Auf der Seite gibt es Lehrvideos, Leitfäden, Praxisbeispiele, Präsentationen und Informationen über Branchen. Mittelständler dürfen erzählen, wie sie dank digitaler Aufrüstung ihr Geschäft verbessert haben. Ein E-Learning-Portal betreibt der Konzern schon, es heißt Blueprint. Um das zu nutzen, bedarf es allerdings eines Accounts. Facebook glaubt zu wissen, wie sich so eine immobile Existenz anfühlt. Facebook sei schließlich selbst lange eine Desktop-Lösung gewesen, es brauchte einen Rechner, Bildschirm und Tastatur, so Arne Henne: "Wir kennen die Herausforderungen einer Umstellung auf mobile Geräte wie Tablet und Smartphone aus eigener Erfahrung." Fast 80 Prozent der Internet-Nutzer seien heute schon mobil. Die Transformation sei sehr komplex, sagt Dölz: "Wir wissen, dass man das nicht alleine schafft."

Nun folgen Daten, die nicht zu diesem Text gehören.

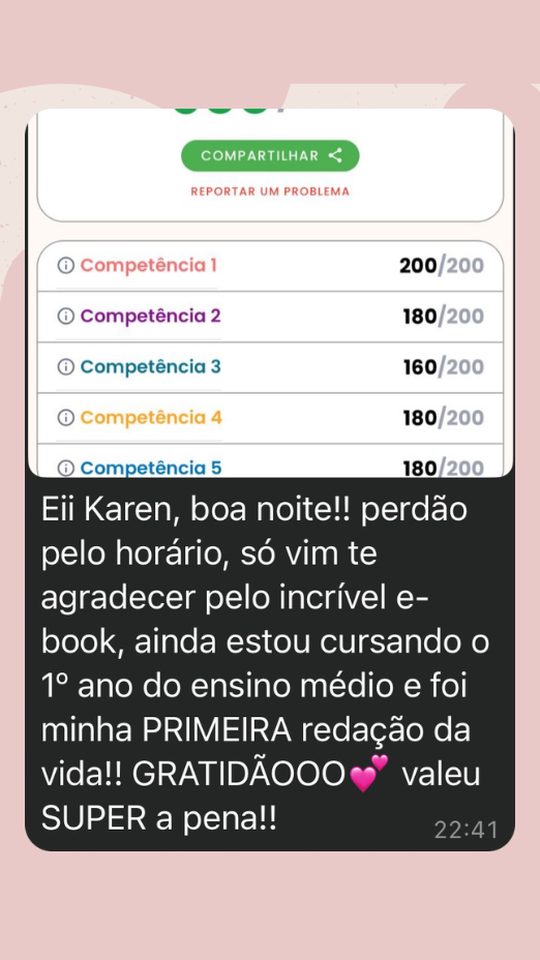 Depoimento de aluna: primeira redação da vida, no 1º ano do ensino médio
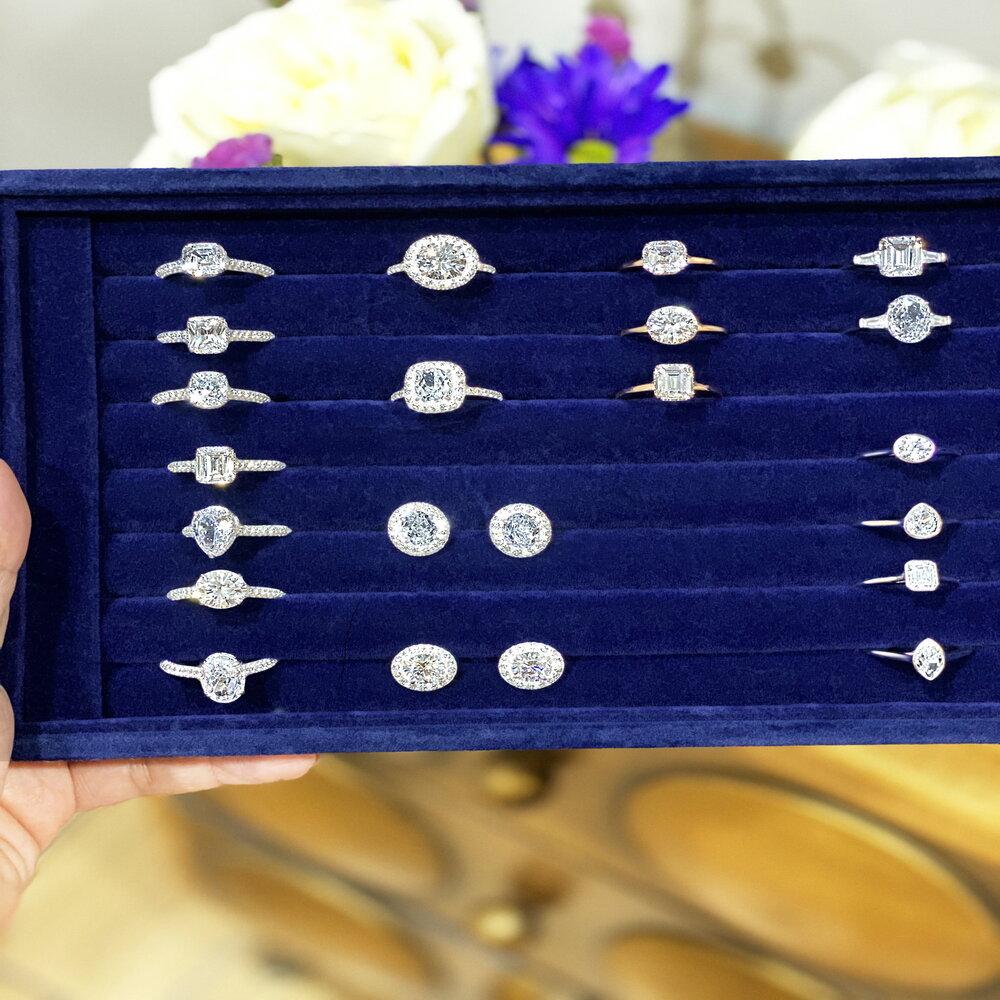 Lumeniri 14K Gold Three Stone Diamond Engagement Ring with Tapered Baguettes Ring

Weltweit, sagt die Facebook-Managerin, sind schon 50 Millionen Unternehmen auf Facebook aktiv, allein gut eine Million in Deutschland. Konzerne wie BMW oder Fresenius sowieso, aber auch Mittelständler. Ein paar Musterbeispiele haben Dölz und Henne schon parat wie den Berliner Lieferdienst Foodora, den Düsseldorfer Küchenausstatter Gastro Hero. Oder die Berliner Firma Holzconnection: Das Unternehmen von Alf und Denys Nagel fertigt maßgeschneiderte Möbel. "Denen ging es mal gar nicht so gut", erzählt Henne: "Als sie anfingen, online Werbung zu schalten, erreichten sie ihre Kunden sehr viel besser als nur über die klassischen Medien."

"Wenn Unternehmen den digitalen Shift schaffen, nützt das auch uns."

Eine Handvoll Verbündete für seine Initiative hat Facebook schon gewonnen, darunter der Bundesverband Deutsche Startups, der High-Tech-Gründerfonds, der Bundesverband mittelständische Wirtschaft (BVMW), der Onlinehandelsverband Händlerbund, Digital Cologne - ein Portal der IHK Köln, und der Verein Digitale Stadt Düsseldorf. Die dürfen sich in einer Veranstaltungsserie in mehreren deutschen Städten präsentieren. Für die kostenlose Teilnahme müssen die Interessenten dann doch ein paar Daten rausrücken, sie erfordert eine Registrierung. "Es werden noch weitere Partner hinzukommen", kündigt Henne an.

Die Veranstaltungen finanzieren ihm zufolge Facebook und die Partner. "Unser Ziel ist nicht damit Geld zu verdienen, sondern den Mittelständlern die Ressourcen zu liefern, damit er in der mobilen Welt mit seinem Geschäft erfolgreich werden kann." Schon heute berate Facebook Mittelständler "kostenlos" bei ihrem Auftritt im sozialen Netzwerk. "Wenn Unternehmen, den digitalen Shift schaffen und damit die Möglichkeiten haben zu wachsen, aus einem lokalen ein nationales und vielleicht sogar ein globales Geschäft zu machen, dann nützt das doch allen: der Firma, der Wirtschaft und letztlich auch uns", sagt Dölz.